■ **Exercise prompt**
Write the records below out again exactly as given, with no images.

** Opening Source data block **

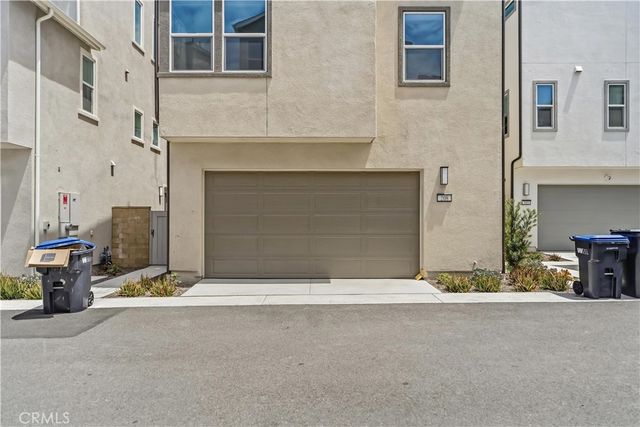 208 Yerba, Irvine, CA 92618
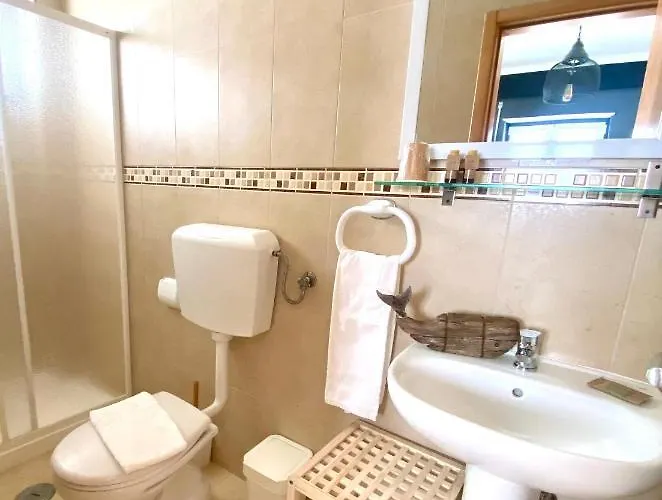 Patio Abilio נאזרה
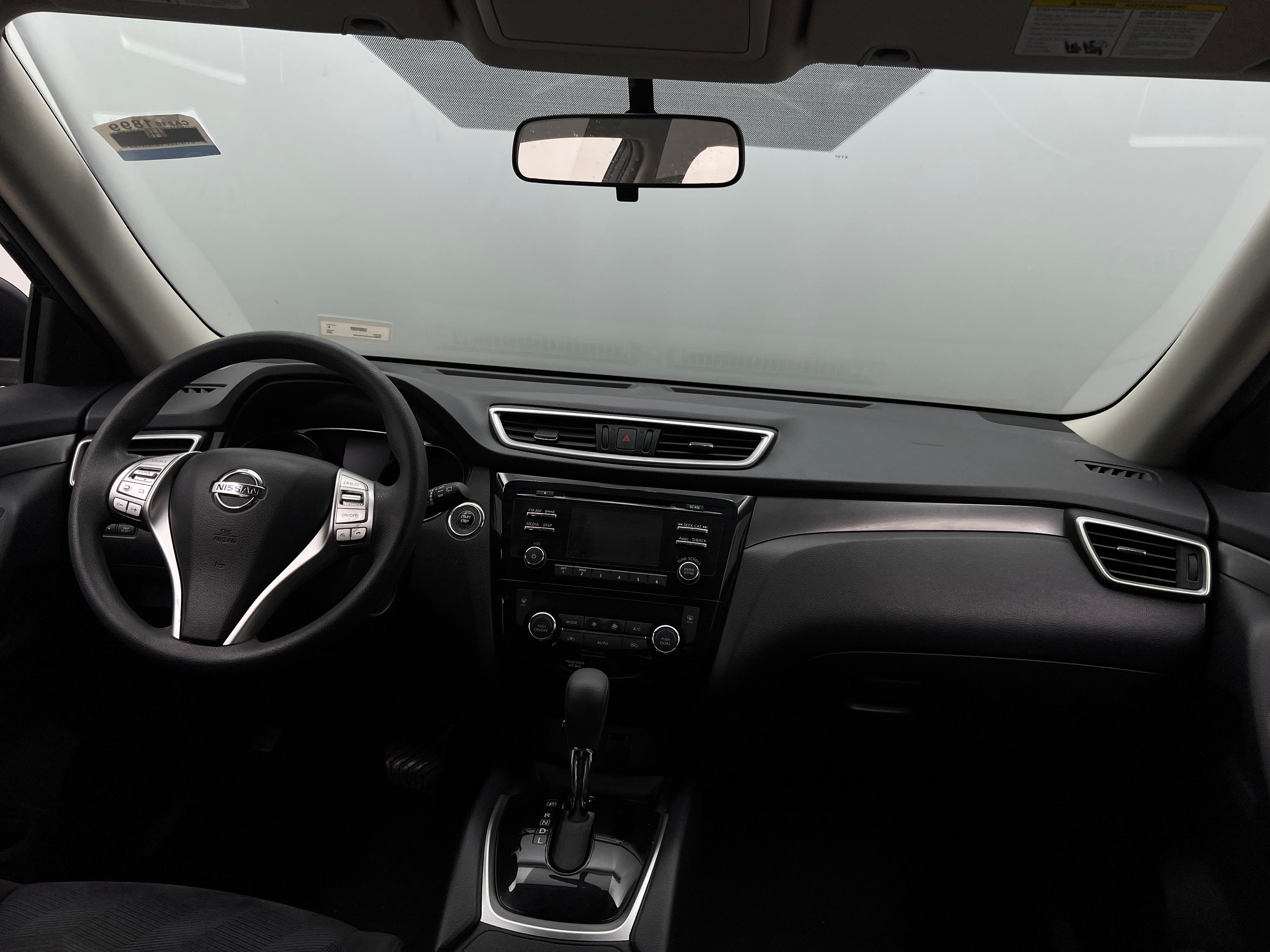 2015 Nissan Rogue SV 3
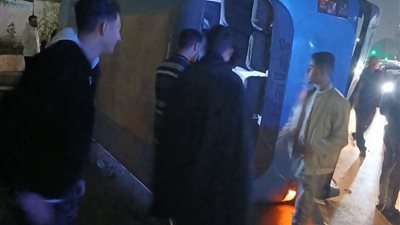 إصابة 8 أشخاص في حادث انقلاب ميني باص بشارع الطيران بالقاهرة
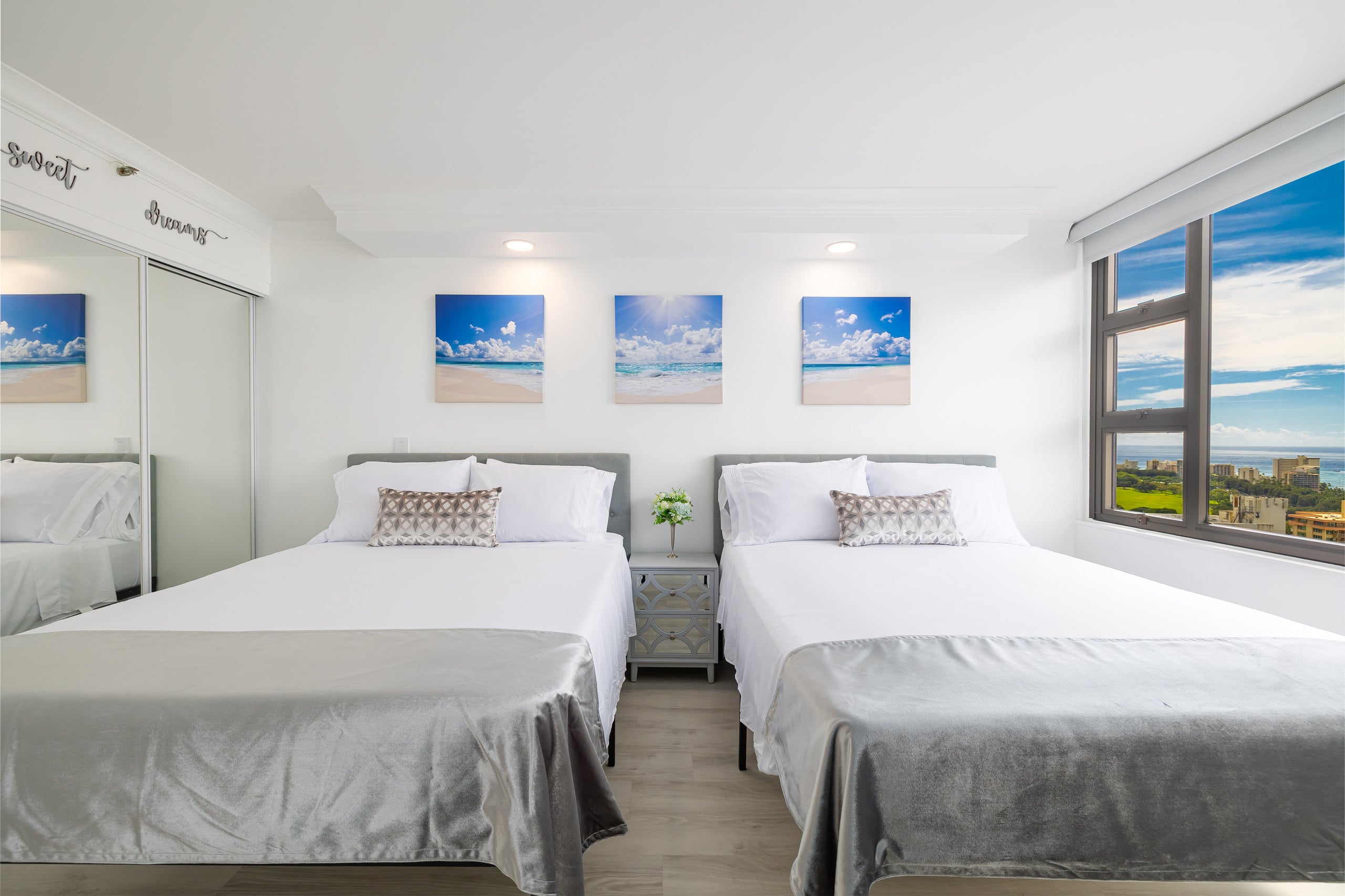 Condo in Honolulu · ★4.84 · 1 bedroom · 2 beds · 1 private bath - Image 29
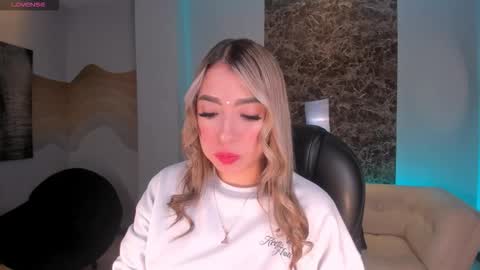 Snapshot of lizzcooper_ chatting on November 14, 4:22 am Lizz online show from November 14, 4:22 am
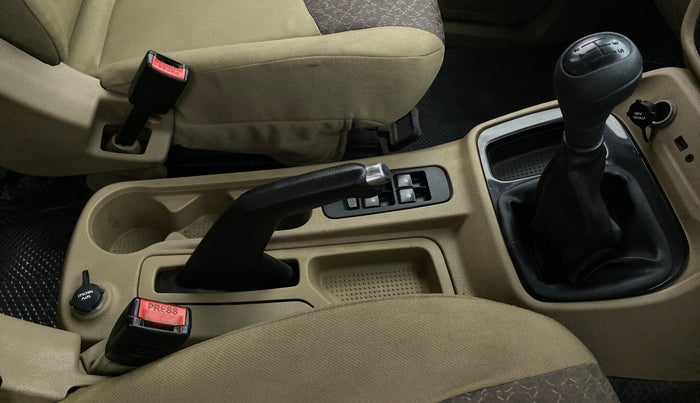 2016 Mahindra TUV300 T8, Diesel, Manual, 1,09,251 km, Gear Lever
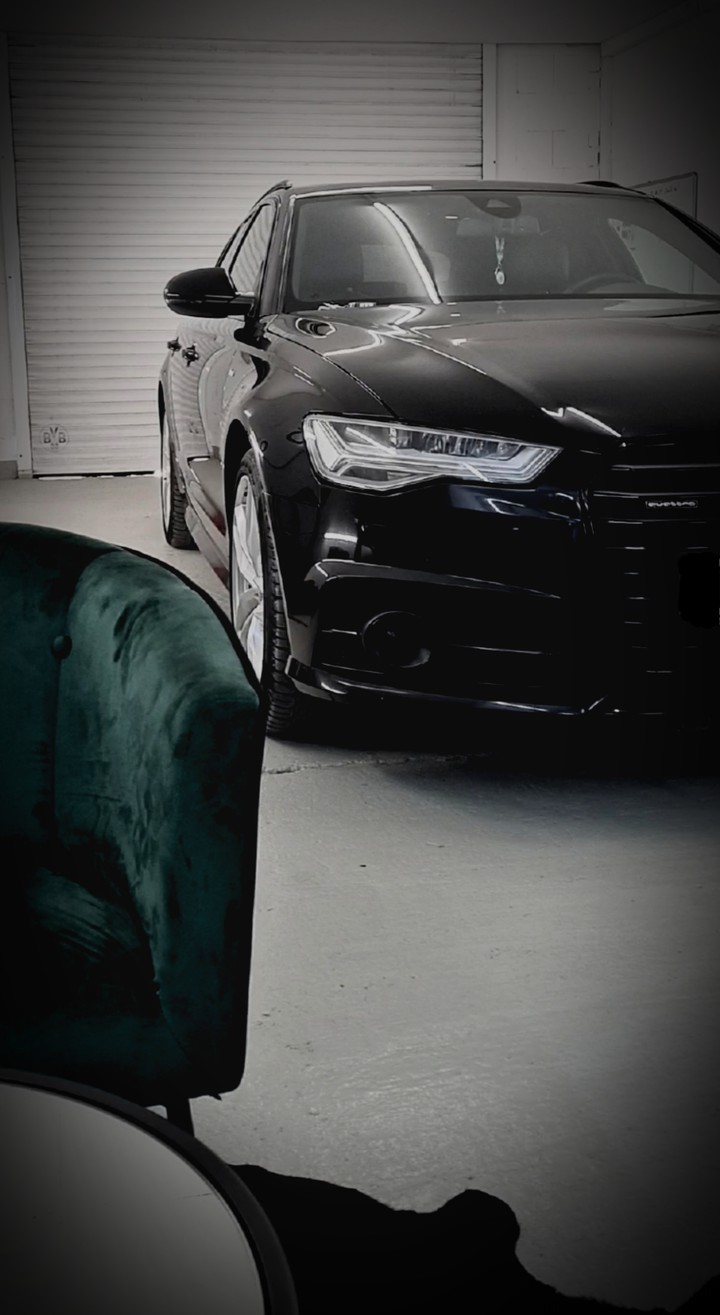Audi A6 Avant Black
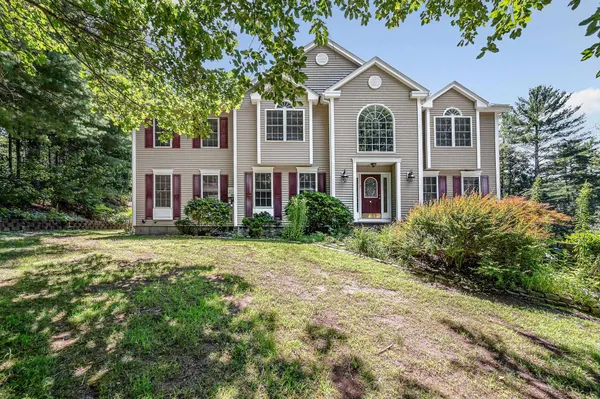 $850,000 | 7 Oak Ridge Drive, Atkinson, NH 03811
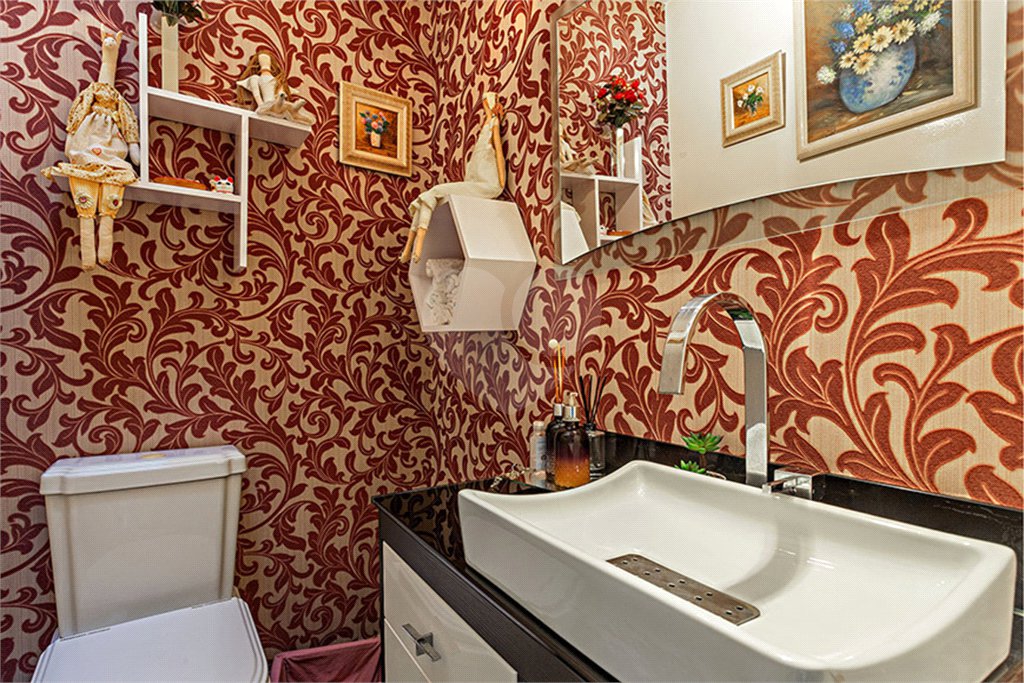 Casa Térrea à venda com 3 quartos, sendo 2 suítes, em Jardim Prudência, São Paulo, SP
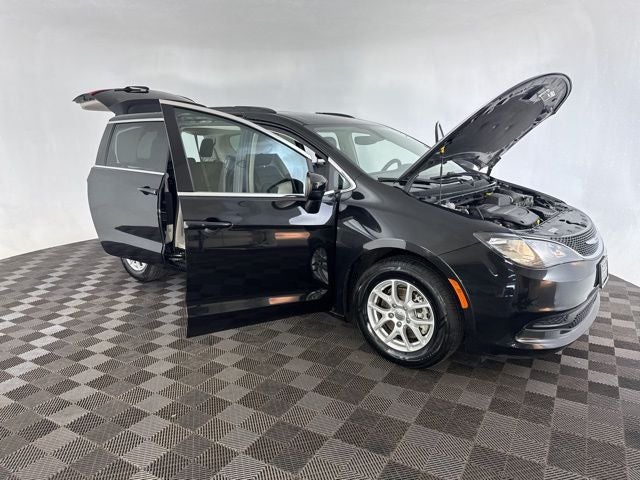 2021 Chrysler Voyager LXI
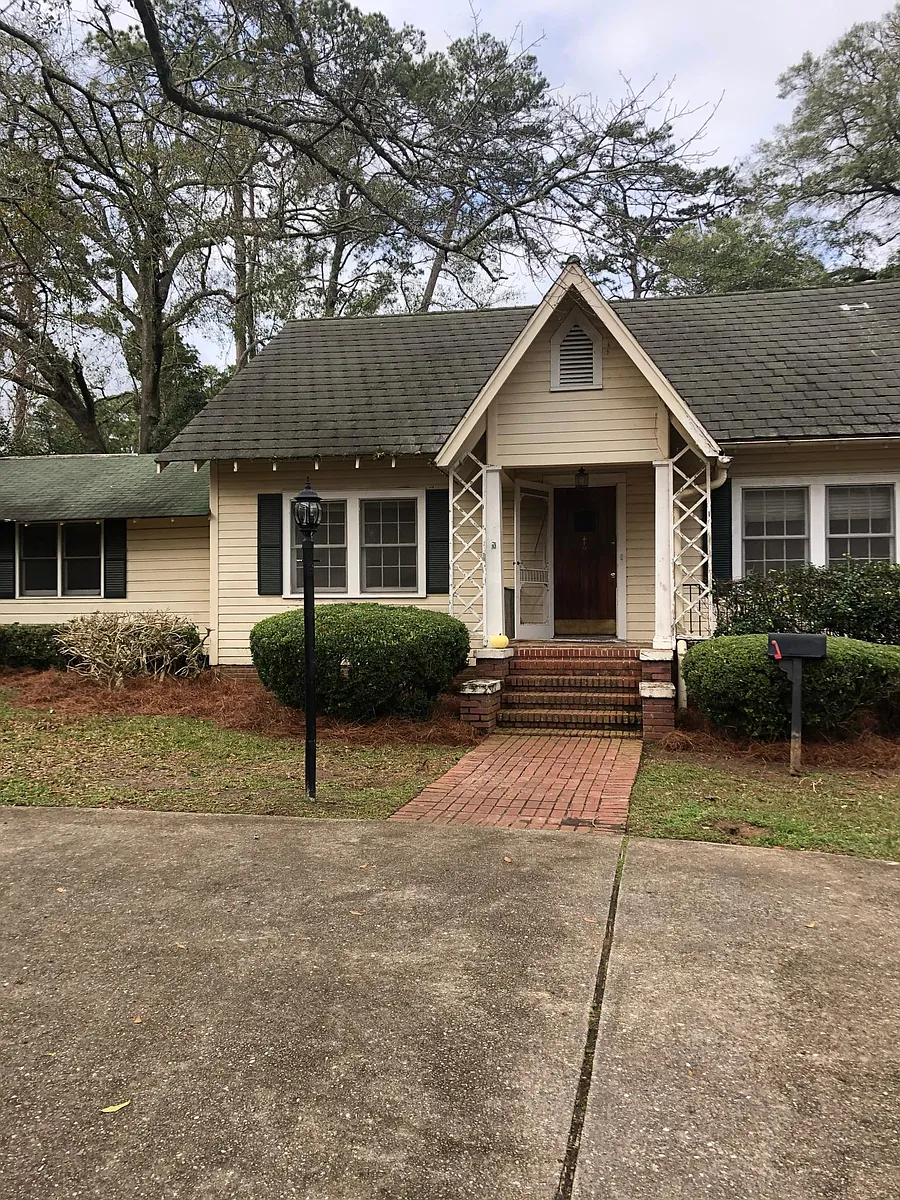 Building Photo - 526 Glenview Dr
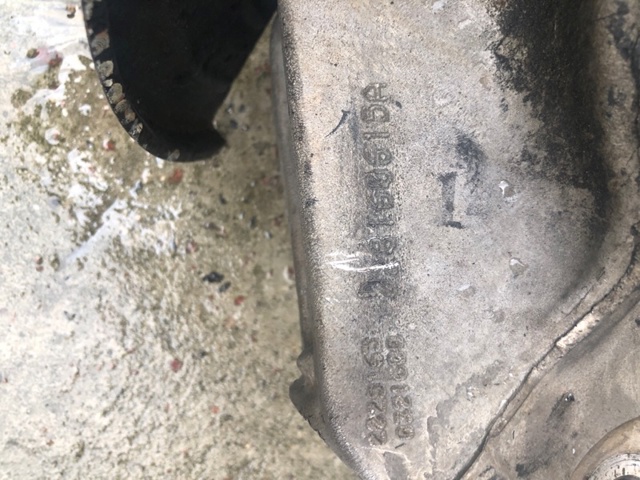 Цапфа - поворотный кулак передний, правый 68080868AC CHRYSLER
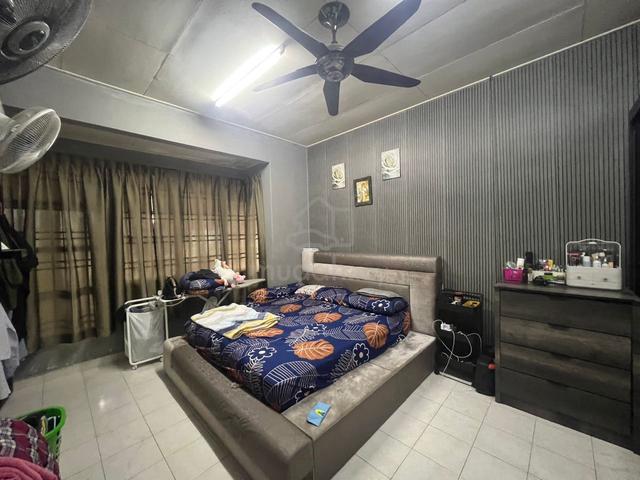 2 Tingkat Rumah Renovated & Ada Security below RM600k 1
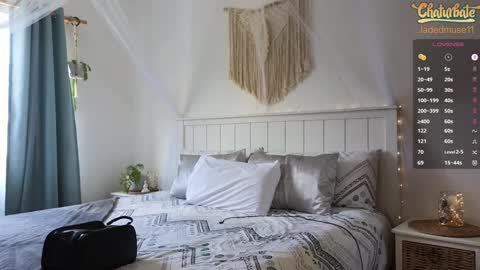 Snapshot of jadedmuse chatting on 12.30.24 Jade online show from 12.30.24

** Closing Source data block **

■ **Your solution**
 208 Yerba, Irvine, CA 92618
 Patio Abilio נאזרה
 2015 Nissan Rogue SV 3
 إصابة 8 أشخاص في حادث انقلاب ميني باص بشارع الطيران بالقاهرة
 Condo in Honolulu · ★4.84 · 1 bedroom · 2 beds · 1 private bath - Image 29
 Snapshot of lizzcooper_ chatting on November 14, 4:22 am Lizz online show from November 14, 4:22 am
 2016 Mahindra TUV300 T8, Diesel, Manual, 1,09,251 km, Gear Lever
Audi A6 Avant Black
 $850,000 | 7 Oak Ridge Drive, Atkinson, NH 03811
 Casa Térrea à venda com 3 quartos, sendo 2 suítes, em Jardim Prudência, São Paulo, SP
 2021 Chrysler Voyager LXI
 Building Photo - 526 Glenview Dr
 Цапфа - поворотный кулак передний, правый 68080868AC CHRYSLER
 2 Tingkat Rumah Renovated & Ada Security below RM600k 1
 Snapshot of jadedmuse chatting on 12.30.24 Jade online show from 12.30.24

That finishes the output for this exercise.